About this exercise
Repeat the entries below exactly, pictures excluded.

[Short descriptive text snippets]

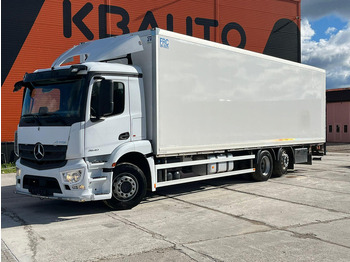 Caminhão frigorífico MERCEDES-BENZ Antos 2540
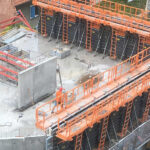 Logement Collectif coffrage Élite Métal Coffrages Cosmos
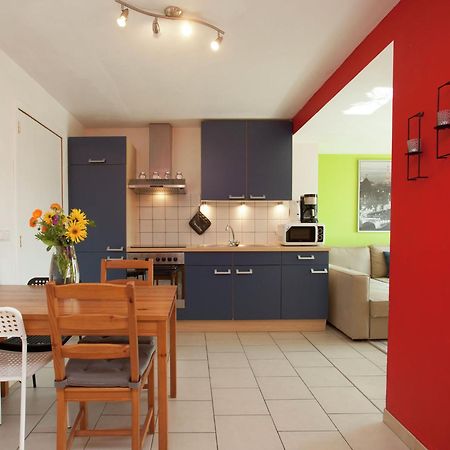 Cozy Apartment In Stoumont With Private Terrace Exterior photo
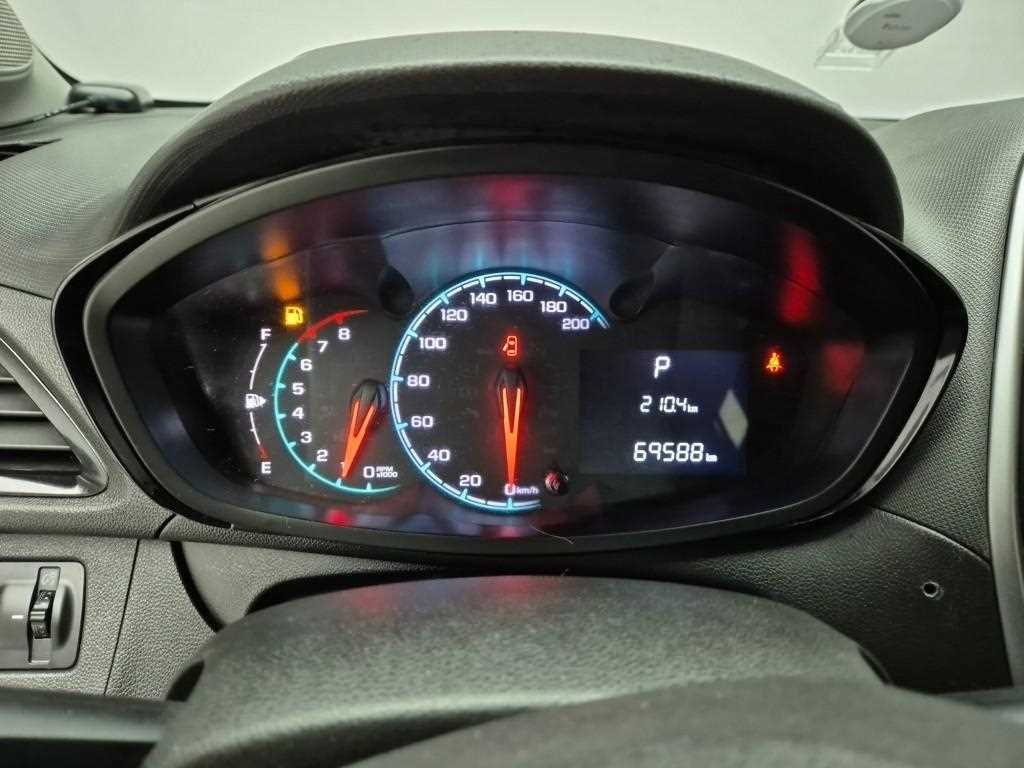 Chevrolet Spark - Vista 6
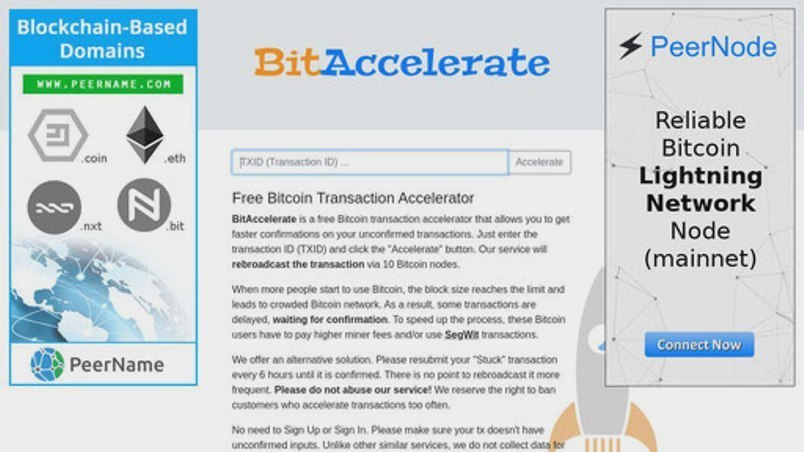 BitAccelerate.com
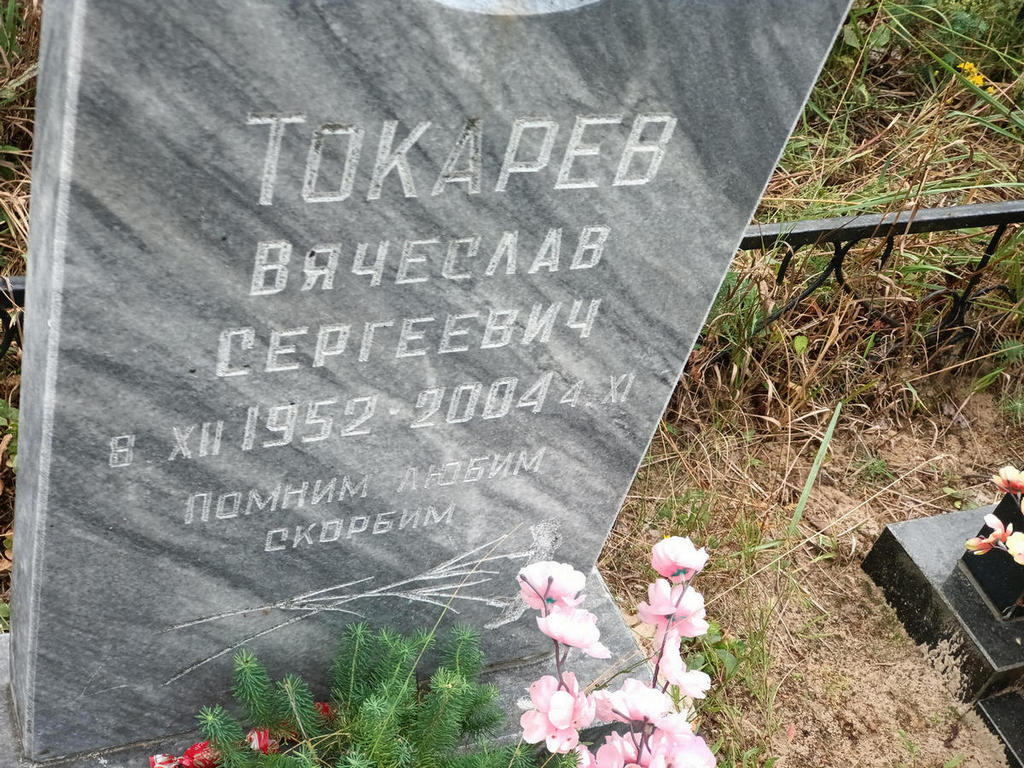 Токарев Вячеслав Сергеевич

Solved problem
 Caminhão frigorífico MERCEDES-BENZ Antos 2540
 Logement Collectif coffrage Élite Métal Coffrages Cosmos
 Cozy Apartment In Stoumont With Private Terrace Exterior photo
 Chevrolet Spark - Vista 6
 BitAccelerate.com
 Токарев Вячеслав Сергеевич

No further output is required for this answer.